Increasing the dialogue among stakeholders in New Jersey’s special education system

Dear Editor,

Lost in the hundreds of bills passed during the lame duck period of the final week of the legislature, was a Restraint and Seclusion bill that not only strips students with disabilities of their civil rights, but now legislates their continued physical and emotional abuse.

Some will say, this new law is better than nothing. I could not disagree more. As an advocate for students with disabilities, it is my unwavering belief that every student should be educated with dignity within a safe and positive learning environment. Restraint should be viewed as an option of last resort to be used in cases of emergency only. It should not be elevated, via regulation, to a legally acceptable practice.

Over the years, I have been involved in more than a hundred cases of restraint and seclusion. Most of the students involved were between the ages of 3 and 10. In every case, the restraint/seclusion occurred as a result of the failure of the student’s school district to conduct the legally required evaluations and develop an appropriate program. In nearly every case, the abusive practices of restraint and seclusion led to diagnoses of Post-Traumatic Stress Disorder and physical injury.
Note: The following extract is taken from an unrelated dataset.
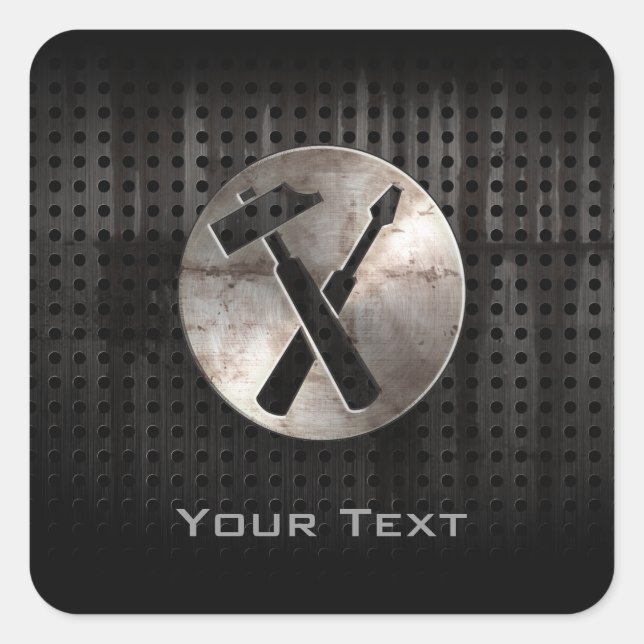 Pegatina Cuadrada Herramientas de carpintero rígido (Anverso)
New Jersey, once again, is moving in the wrong direction. While most other states are working toward outlawing prone restraint (most likely to cause death or injury) and seclusion, we here in NJ have worked hard to legitimize these harmful practices. Rather than focusing on positive behavior supports and interventions, we have placed our most vulnerable students in harm’s way while greatly restricting parental rights in the process.

Renay Zamloot

Renay Zamloot is a Non-Attorney Education Advocate based in Annandale, New Jersey.